> **Exercise**
Line by line, output the data that follows exactly as written.

> **Web page caption snippets**
▶

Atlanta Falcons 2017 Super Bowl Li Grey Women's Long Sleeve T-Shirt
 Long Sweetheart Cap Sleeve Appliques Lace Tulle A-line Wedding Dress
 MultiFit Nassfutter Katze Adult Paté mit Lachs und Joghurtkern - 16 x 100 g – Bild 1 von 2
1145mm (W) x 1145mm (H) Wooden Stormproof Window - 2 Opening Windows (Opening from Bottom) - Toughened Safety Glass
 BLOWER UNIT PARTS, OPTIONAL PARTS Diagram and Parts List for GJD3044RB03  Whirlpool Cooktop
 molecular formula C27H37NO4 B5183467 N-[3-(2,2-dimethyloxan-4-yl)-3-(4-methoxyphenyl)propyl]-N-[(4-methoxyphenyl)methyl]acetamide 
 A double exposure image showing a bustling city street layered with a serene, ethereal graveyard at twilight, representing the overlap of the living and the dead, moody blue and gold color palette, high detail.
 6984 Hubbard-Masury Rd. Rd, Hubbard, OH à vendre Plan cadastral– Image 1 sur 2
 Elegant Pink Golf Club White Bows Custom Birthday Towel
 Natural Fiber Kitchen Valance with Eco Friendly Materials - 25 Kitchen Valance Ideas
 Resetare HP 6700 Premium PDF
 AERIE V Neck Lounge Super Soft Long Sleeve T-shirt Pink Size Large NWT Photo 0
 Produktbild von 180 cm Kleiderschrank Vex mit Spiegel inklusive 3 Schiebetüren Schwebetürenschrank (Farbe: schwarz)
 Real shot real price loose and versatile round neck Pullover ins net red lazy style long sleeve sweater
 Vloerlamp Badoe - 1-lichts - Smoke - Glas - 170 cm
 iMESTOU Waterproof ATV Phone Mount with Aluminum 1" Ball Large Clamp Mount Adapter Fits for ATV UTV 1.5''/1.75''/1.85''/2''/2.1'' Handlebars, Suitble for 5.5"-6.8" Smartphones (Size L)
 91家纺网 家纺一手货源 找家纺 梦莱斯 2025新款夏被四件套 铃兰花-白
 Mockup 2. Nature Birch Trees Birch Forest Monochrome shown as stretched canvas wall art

◀

> **Task solution**
Atlanta Falcons 2017 Super Bowl Li Grey Women's Long Sleeve T-Shirt
 Long Sweetheart Cap Sleeve Appliques Lace Tulle A-line Wedding Dress
 MultiFit Nassfutter Katze Adult Paté mit Lachs und Joghurtkern - 16 x 100 g – Bild 1 von 2
1145mm (W) x 1145mm (H) Wooden Stormproof Window - 2 Opening Windows (Opening from Bottom) - Toughened Safety Glass
 BLOWER UNIT PARTS, OPTIONAL PARTS Diagram and Parts List for GJD3044RB03  Whirlpool Cooktop
 molecular formula C27H37NO4 B5183467 N-[3-(2,2-dimethyloxan-4-yl)-3-(4-methoxyphenyl)propyl]-N-[(4-methoxyphenyl)methyl]acetamide 
 A double exposure image showing a bustling city street layered with a serene, ethereal graveyard at twilight, representing the overlap of the living and the dead, moody blue and gold color palette, high detail.
 6984 Hubbard-Masury Rd. Rd, Hubbard, OH à vendre Plan cadastral– Image 1 sur 2
 Elegant Pink Golf Club White Bows Custom Birthday Towel
 Natural Fiber Kitchen Valance with Eco Friendly Materials - 25 Kitchen Valance Ideas
 Resetare HP 6700 Premium PDF
 AERIE V Neck Lounge Super Soft Long Sleeve T-shirt Pink Size Large NWT Photo 0
 Produktbild von 180 cm Kleiderschrank Vex mit Spiegel inklusive 3 Schiebetüren Schwebetürenschrank (Farbe: schwarz)
 Real shot real price loose and versatile round neck Pullover ins net red lazy style long sleeve sweater
 Vloerlamp Badoe - 1-lichts - Smoke - Glas - 170 cm
 iMESTOU Waterproof ATV Phone Mount with Aluminum 1" Ball Large Clamp Mount Adapter Fits for ATV UTV 1.5''/1.75''/1.85''/2''/2.1'' Handlebars, Suitble for 5.5"-6.8" Smartphones (Size L)
 91家纺网 家纺一手货源 找家纺 梦莱斯 2025新款夏被四件套 铃兰花-白
 Mockup 2. Nature Birch Trees Birch Forest Monochrome shown as stretched canvas wall art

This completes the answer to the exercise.